Certain statements in this communication regarding the proposed merger between AMG and Highbury, other statements relating to future results, strategy and plans of AMG and Highbury (including certain projections and business trends, and statements which may be identified by the use of the words “may”, “intend”, “expect” and like words) and statements relating to the amount of the special dividend constitute “forward-looking statements” as defined in the Private Securities Litigation Reform Act of 1995. Actual results may differ materially from those projected as a result of certain risks and uncertainties.

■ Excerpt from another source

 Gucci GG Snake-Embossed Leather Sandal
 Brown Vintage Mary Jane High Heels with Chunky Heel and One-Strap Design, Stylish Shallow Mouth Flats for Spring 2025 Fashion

For AMG, these risks and uncertainties include, but are not limited to changes in the securities or financial markets or in general economic conditions, the availability of equity and debt financing, competition for acquisitions of interests in investment management firms, the ability to close pending investments, the investment performance of AMG’s affiliates and their ability to effectively market their investment strategies and other risks detailed from time to time in AMG’s filings with the SEC. For Highbury, factors include, but are not limited to: the successful combination of Highbury with AMG’s business, the ability to retain key personnel and the ability to achieve stockholder and regulatory approvals and to successfully close the transaction. Additional information on other factors that may cause actual results and Highbury’s performance to differ materially is included in Highbury’s periodic reports filed with the SEC, including but not limited to Highbury’s Form 10-K for the year ended December 31, 2008 and subsequent Forms 10-Q. Copies may be obtained by contacting Highbury or at the SEC’s web site at http://www.sec.gov. Highbury cautions readers not to place undue reliance upon any forward-looking statements, which speak only as of the date made. These forward-looking statements are made only as of the date hereof, and Highbury undertakes no obligations to update or revise the forward-looking statements, whether as a result of new information, future events or otherwise, except as required by law.